» **Work order**
Where an entry below contains an image, skip the image and reproduce the rest exactly.
*** Data to process Section Begins ***
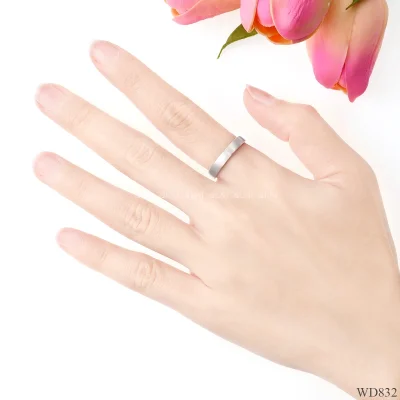 รูปมือ WD832 แหวนเกลี้ยง แรขนแมว รูปมือ WD832 แหวนเกลี้ยง แรขนแมว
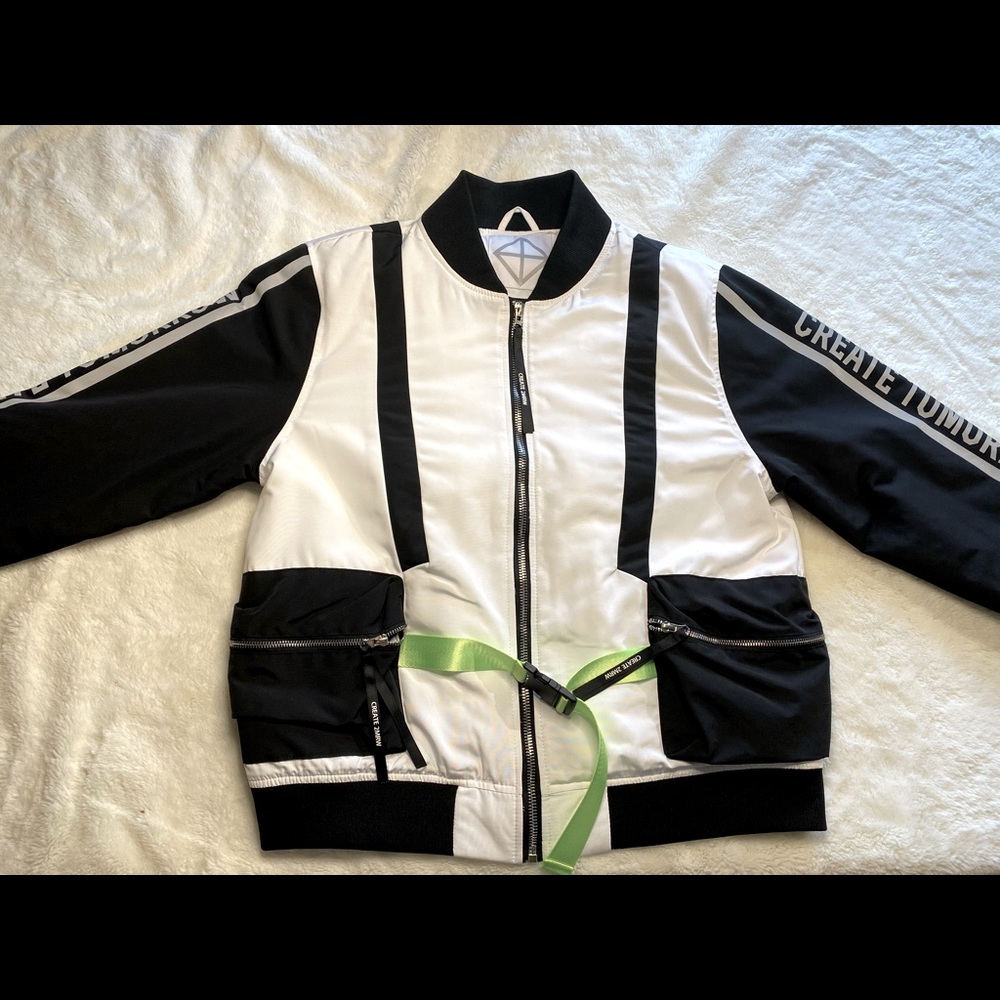 Create 2MRW- 3D Multi Pocket Jacket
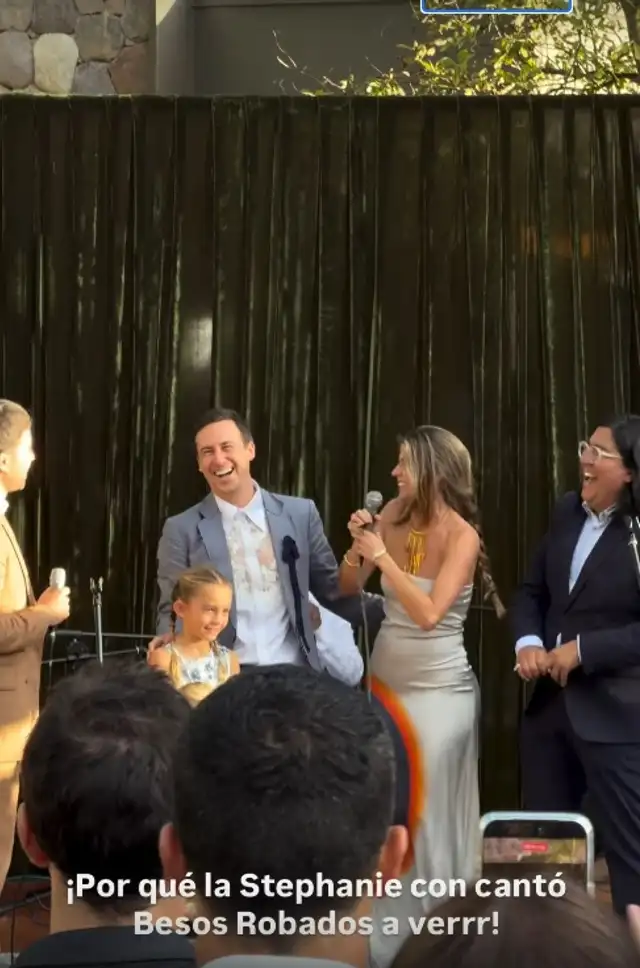 Alejandro Sanz y Stephanie Cayo deslumbran en la íntima boda de Bruno Ascenzo con Adrián Bello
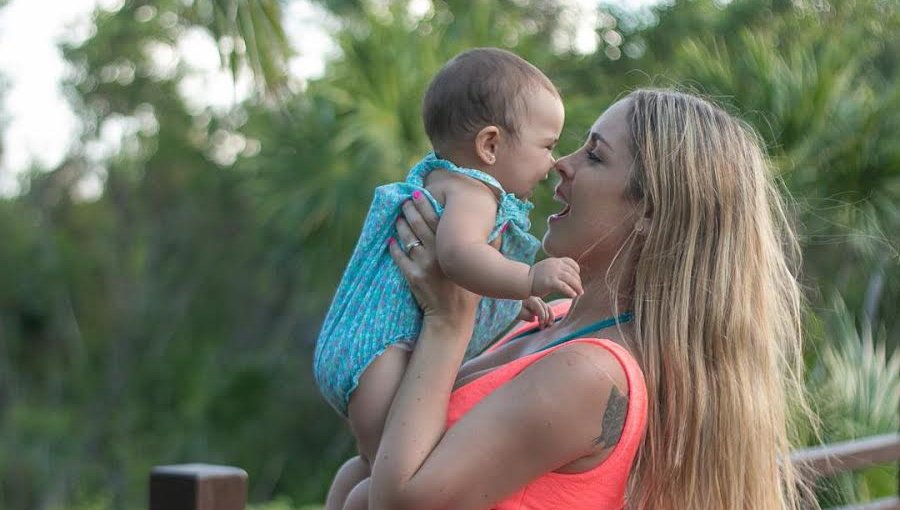 Maura Rivera publica tierna imagen con su pequeña Luciana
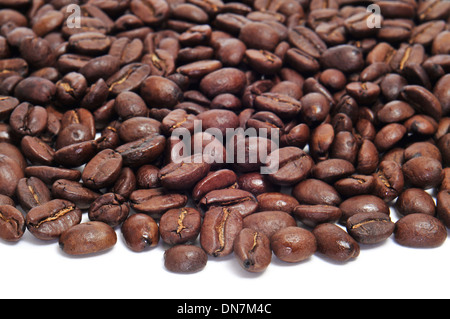 Nahaufnahme von einem Haufen von gerösteten Kaffeebohnen auf weißem Hintergrund Stockfoto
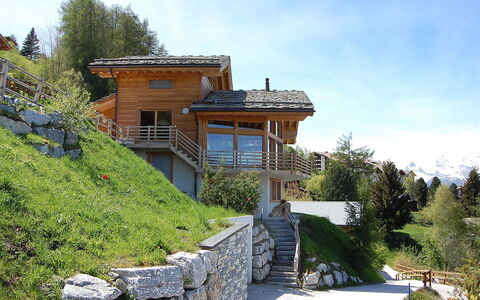 Chalet Aquarius: Property, House, Building, Architecture, Mountain, Tree, Home, Real Estate, Sky, Estate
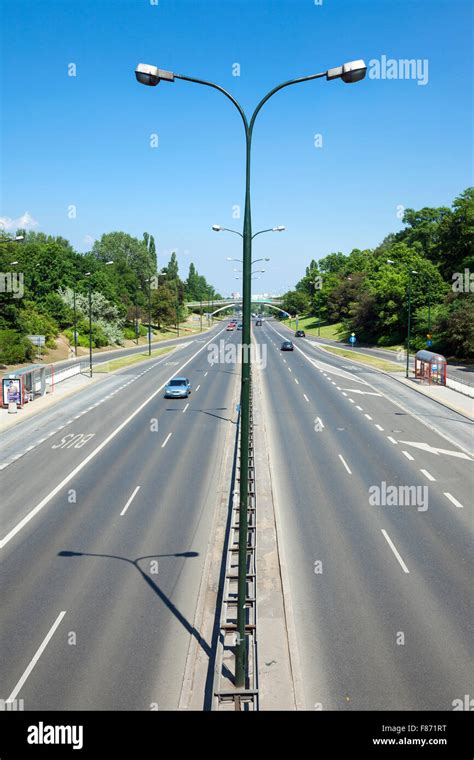 4 lane highway hi-res stock photography and images - Alamy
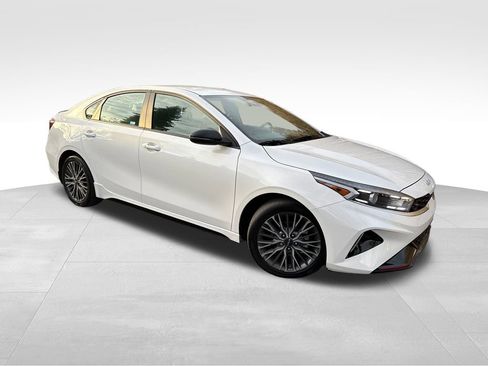 Certified 2023 Kia Forte GT-Line image 1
*** Data to process Section Ends ***
» **Exercise answer**
 รูปมือ WD832 แหวนเกลี้ยง แรขนแมว รูปมือ WD832 แหวนเกลี้ยง แรขนแมว
 Create 2MRW- 3D Multi Pocket Jacket
 Alejandro Sanz y Stephanie Cayo deslumbran en la íntima boda de Bruno Ascenzo con Adrián Bello
 Maura Rivera publica tierna imagen con su pequeña Luciana
 Nahaufnahme von einem Haufen von gerösteten Kaffeebohnen auf weißem Hintergrund Stockfoto
 Chalet Aquarius: Property, House, Building, Architecture, Mountain, Tree, Home, Real Estate, Sky, Estate
 4 lane highway hi-res stock photography and images - Alamy
 Certified 2023 Kia Forte GT-Line image 1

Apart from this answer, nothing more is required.